Without researching how to paint, I bought $10 worth of watercolors, sat down with a bowl of water, and painted for five or ten minutes a day, usually in the morning when I woke up or before I went to bed, or instead of watching something on Netflix on a lazy Sunday.
Within a month, my paintings looked marginally better. More importantly, I grew increasingly proud of my progress, not because I’d become the best painter—a standard I often employ work—but because I simply liked the way my art looked, and didn’t care what anyone else thought of it. This form of pride isn’t just unfamiliar. It’s relieving.
Usually, we go on vacation to escape our daily realities and identities. It’s appealing to lie on a beach or watch a beautiful sunset precisely because doing so feels so unfamiliar.
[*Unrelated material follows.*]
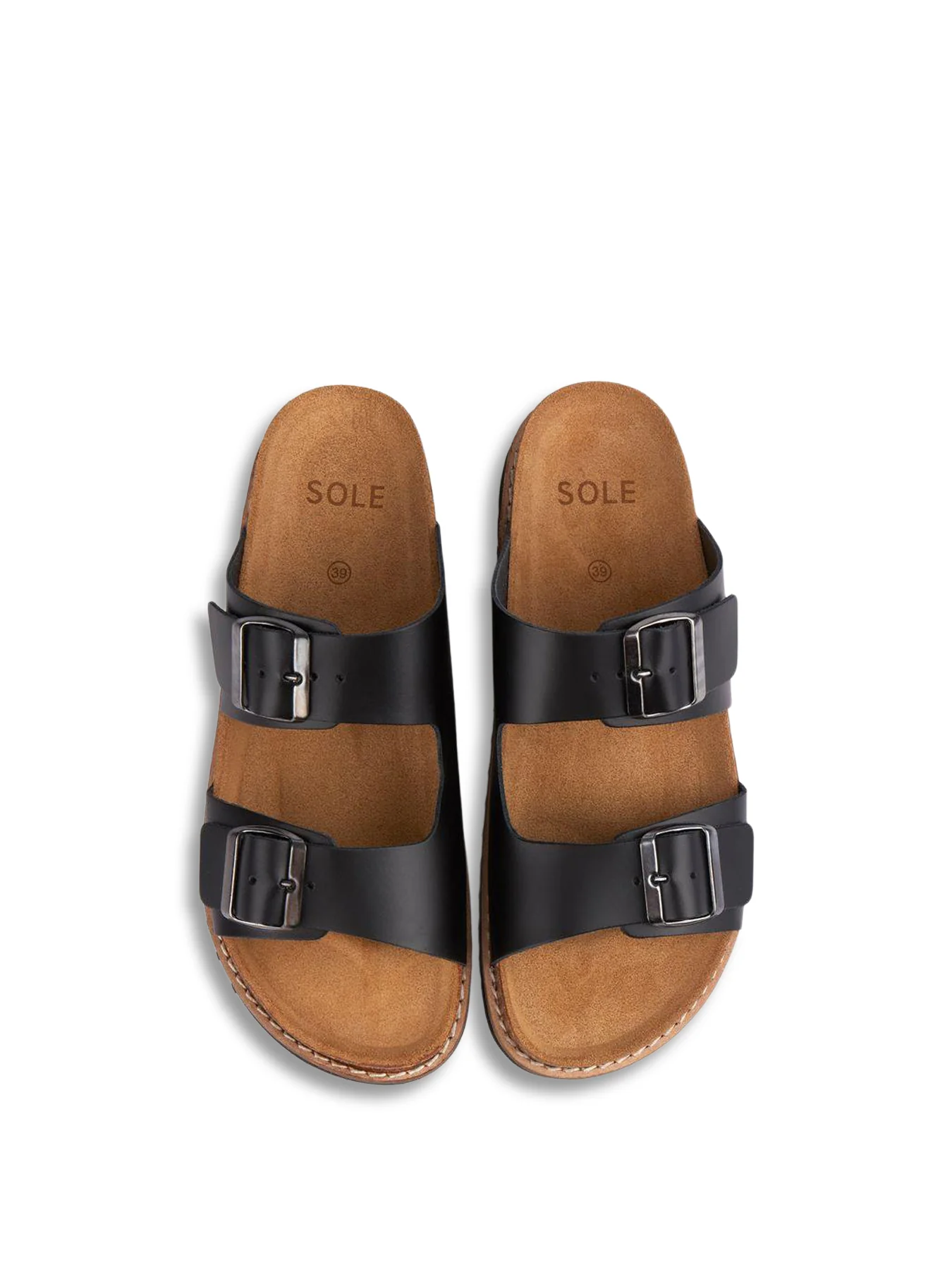 Gerti Footbed Sandals Black - Image 3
The flip side of this escape, however, is that when we return, the familiar mundanity of our real-life identities strikes back.
Developing a hobby while vacationing remedies this effect by giving you a new identity to carry into your daily life—a gift that lasts far longer than the fleeting sense of post-vacation relaxation.
Simple as it may seem, the psychology is sound: People who embrace many different identities instead of tying their self worth to any one job, relationship, or professional achievement are significantly happier than those who define their identity solely by what they do, who they love, or what they have accomplished—or who they are when they’re not vacationing.